## What the exercise asks
Go through the data and count each line that has the string "Household". Give that count alone.
----------
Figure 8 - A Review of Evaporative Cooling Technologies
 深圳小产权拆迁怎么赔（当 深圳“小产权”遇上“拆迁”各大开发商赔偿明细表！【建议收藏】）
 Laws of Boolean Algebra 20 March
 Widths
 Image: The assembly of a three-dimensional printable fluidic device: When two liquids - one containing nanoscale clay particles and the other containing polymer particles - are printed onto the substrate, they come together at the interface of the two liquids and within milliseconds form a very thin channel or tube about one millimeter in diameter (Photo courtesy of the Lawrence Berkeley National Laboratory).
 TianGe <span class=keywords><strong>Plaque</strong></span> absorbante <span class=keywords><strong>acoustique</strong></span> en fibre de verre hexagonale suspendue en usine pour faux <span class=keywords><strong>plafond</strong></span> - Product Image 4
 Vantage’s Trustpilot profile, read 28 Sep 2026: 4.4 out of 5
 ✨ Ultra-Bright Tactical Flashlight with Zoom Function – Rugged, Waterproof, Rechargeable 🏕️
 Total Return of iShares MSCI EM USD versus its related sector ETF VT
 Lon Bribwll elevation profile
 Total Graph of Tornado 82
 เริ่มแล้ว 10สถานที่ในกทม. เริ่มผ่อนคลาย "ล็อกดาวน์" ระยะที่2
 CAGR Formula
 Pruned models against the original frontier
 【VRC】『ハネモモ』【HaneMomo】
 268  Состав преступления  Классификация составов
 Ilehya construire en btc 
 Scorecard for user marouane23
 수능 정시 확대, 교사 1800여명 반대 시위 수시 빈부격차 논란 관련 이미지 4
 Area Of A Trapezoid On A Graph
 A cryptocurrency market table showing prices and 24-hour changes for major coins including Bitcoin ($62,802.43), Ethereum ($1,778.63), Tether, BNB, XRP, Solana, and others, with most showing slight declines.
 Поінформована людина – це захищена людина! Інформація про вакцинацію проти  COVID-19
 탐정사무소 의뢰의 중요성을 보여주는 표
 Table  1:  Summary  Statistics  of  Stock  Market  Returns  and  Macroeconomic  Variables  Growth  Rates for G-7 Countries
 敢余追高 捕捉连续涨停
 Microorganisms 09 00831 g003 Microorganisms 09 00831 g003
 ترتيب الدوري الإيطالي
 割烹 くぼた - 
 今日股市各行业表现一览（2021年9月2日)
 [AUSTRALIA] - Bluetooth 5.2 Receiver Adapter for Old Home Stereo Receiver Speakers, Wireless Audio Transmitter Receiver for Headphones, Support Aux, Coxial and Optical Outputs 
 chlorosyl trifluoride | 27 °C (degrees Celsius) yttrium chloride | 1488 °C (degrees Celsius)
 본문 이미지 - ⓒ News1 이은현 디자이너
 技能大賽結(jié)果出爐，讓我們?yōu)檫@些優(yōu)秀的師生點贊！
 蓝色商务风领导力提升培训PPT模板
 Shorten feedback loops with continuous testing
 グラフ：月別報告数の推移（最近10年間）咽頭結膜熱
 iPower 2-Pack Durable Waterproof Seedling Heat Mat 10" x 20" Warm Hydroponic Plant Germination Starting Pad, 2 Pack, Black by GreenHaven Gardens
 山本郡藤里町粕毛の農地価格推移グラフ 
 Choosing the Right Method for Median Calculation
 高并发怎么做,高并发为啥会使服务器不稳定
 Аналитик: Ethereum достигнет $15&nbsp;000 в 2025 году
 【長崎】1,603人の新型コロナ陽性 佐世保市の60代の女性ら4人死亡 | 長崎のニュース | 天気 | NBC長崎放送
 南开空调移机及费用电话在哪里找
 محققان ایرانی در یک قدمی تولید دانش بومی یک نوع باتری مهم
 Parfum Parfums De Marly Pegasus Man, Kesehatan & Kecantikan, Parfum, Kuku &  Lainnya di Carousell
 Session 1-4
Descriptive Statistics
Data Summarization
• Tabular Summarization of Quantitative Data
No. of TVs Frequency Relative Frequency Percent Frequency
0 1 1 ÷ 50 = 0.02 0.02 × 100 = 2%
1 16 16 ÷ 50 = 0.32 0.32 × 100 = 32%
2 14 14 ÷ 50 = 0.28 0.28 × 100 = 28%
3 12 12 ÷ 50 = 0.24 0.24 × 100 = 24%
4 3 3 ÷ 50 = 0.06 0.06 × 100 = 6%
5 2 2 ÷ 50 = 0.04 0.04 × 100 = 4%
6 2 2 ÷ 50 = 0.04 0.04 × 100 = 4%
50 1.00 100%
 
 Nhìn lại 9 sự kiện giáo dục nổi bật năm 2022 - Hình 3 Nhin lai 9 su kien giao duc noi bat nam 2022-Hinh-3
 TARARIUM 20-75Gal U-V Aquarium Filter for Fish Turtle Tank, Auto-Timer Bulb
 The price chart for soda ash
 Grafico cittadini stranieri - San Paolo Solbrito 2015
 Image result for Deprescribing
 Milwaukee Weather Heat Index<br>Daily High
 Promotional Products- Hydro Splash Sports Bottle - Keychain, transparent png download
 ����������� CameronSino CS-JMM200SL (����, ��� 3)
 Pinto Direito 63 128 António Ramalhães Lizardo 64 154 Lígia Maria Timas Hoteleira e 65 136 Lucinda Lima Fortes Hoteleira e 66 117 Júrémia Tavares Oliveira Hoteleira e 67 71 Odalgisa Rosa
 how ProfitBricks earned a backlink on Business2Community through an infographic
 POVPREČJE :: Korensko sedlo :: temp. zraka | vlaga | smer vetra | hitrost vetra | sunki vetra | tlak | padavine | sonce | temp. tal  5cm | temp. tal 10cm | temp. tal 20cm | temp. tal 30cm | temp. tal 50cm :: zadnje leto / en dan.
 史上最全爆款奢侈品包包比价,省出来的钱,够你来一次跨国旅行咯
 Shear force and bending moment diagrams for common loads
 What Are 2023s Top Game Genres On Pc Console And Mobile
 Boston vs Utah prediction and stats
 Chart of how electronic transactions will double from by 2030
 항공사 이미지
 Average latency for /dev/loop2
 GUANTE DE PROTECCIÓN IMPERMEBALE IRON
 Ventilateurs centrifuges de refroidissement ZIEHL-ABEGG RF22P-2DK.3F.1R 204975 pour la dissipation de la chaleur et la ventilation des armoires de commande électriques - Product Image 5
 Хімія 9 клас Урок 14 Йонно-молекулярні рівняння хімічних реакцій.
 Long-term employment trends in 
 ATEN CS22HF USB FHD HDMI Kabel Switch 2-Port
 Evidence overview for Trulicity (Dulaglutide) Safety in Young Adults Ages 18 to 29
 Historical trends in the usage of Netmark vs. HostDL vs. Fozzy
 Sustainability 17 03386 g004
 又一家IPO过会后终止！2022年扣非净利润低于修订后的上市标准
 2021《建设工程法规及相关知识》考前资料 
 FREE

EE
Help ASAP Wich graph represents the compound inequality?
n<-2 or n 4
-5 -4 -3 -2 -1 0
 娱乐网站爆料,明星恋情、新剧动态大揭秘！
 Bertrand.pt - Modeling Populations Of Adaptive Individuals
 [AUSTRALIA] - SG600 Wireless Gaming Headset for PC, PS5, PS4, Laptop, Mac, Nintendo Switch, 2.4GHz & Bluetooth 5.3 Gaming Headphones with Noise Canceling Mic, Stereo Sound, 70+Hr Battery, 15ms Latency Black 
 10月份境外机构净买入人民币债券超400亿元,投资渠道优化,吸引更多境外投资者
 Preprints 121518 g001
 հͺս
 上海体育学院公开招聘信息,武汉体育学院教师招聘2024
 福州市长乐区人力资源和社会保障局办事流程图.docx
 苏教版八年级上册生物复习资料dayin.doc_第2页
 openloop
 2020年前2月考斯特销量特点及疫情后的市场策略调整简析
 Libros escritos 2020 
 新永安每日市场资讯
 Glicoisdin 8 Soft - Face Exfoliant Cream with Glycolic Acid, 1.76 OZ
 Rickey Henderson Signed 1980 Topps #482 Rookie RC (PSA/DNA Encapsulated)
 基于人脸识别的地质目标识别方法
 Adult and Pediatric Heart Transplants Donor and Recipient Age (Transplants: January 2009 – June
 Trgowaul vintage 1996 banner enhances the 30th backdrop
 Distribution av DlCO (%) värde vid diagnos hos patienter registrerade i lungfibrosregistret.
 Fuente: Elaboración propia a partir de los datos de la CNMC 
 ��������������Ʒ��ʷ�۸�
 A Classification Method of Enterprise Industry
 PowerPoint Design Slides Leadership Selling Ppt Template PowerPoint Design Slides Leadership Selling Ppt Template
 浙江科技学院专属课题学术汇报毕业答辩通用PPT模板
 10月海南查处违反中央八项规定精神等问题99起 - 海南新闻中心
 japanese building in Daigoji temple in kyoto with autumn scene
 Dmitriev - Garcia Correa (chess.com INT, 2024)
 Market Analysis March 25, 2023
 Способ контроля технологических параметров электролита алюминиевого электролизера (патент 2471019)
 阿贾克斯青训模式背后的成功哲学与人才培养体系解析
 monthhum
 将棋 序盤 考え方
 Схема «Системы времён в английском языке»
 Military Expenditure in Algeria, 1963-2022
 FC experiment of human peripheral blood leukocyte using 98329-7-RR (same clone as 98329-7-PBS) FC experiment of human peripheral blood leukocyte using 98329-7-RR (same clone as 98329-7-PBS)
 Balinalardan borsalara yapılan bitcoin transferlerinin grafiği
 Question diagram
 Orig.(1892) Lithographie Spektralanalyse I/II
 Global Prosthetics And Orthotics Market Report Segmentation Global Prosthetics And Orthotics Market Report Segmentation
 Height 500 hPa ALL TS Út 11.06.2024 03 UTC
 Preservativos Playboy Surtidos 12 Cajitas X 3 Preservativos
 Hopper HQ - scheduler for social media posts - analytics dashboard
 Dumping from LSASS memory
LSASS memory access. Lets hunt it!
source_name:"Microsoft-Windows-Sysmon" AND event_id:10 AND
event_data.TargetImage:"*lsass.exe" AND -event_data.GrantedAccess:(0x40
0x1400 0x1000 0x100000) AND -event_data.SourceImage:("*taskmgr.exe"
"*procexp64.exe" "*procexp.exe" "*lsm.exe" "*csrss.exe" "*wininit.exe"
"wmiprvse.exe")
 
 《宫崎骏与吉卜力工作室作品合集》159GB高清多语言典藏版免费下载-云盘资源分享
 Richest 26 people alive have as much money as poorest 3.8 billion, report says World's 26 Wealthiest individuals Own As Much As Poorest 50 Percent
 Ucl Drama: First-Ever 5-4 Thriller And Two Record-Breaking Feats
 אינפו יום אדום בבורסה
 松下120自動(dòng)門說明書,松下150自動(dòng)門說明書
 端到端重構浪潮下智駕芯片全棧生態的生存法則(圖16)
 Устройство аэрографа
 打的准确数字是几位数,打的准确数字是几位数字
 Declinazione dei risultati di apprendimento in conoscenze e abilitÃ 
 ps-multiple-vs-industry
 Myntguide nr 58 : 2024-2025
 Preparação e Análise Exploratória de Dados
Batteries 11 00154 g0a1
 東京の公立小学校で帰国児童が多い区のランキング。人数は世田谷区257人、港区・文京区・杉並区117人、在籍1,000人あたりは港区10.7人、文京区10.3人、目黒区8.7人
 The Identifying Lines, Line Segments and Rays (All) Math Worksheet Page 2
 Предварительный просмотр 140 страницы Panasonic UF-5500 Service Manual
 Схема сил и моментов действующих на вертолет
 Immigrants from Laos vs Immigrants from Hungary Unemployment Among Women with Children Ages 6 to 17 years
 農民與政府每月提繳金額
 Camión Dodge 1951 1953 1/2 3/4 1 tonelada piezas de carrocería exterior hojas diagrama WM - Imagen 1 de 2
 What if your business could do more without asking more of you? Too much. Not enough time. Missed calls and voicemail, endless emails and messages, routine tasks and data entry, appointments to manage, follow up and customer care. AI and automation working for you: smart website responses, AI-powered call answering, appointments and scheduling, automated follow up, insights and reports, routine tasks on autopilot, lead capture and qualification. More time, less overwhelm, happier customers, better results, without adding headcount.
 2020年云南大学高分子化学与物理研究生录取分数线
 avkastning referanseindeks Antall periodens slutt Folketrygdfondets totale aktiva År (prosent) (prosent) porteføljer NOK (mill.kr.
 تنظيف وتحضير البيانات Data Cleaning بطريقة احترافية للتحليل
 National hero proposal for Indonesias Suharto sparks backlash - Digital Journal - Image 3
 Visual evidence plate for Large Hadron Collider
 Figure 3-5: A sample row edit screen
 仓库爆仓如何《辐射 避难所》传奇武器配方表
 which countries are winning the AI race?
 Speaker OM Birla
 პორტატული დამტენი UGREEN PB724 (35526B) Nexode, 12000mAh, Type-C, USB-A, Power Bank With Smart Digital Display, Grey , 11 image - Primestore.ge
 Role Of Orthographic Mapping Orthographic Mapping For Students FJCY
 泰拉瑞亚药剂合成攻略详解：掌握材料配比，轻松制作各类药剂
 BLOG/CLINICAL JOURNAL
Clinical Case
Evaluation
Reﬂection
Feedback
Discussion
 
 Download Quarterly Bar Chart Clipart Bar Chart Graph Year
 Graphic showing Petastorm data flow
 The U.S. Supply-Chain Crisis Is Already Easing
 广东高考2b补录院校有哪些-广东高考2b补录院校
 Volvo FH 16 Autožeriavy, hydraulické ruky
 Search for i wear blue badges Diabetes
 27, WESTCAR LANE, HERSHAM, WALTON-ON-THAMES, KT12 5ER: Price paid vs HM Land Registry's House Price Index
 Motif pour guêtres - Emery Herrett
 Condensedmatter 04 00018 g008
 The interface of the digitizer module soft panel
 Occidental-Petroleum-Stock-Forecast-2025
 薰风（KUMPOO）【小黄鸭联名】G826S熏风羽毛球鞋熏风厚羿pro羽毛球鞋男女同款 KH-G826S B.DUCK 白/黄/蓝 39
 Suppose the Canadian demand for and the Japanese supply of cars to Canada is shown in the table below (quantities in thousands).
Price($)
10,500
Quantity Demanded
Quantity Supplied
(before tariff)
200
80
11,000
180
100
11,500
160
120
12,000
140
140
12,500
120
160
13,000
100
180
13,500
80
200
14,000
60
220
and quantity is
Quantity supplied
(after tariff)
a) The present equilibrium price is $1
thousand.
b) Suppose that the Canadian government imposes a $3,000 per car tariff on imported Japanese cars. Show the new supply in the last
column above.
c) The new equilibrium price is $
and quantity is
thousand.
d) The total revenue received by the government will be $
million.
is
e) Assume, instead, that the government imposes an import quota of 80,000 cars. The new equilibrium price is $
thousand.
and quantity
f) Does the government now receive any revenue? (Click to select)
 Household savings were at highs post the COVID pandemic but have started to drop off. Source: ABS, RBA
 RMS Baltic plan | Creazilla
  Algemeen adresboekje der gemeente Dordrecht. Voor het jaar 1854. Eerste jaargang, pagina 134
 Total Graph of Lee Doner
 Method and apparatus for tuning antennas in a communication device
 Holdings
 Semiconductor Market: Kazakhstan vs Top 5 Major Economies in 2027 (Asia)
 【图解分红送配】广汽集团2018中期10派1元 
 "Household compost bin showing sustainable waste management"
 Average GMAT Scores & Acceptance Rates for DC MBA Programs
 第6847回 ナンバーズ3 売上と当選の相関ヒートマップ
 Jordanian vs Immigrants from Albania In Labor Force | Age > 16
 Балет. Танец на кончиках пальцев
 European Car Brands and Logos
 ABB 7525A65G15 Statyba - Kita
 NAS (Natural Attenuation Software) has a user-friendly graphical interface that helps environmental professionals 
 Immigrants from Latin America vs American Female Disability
----------
## Answer for the task
2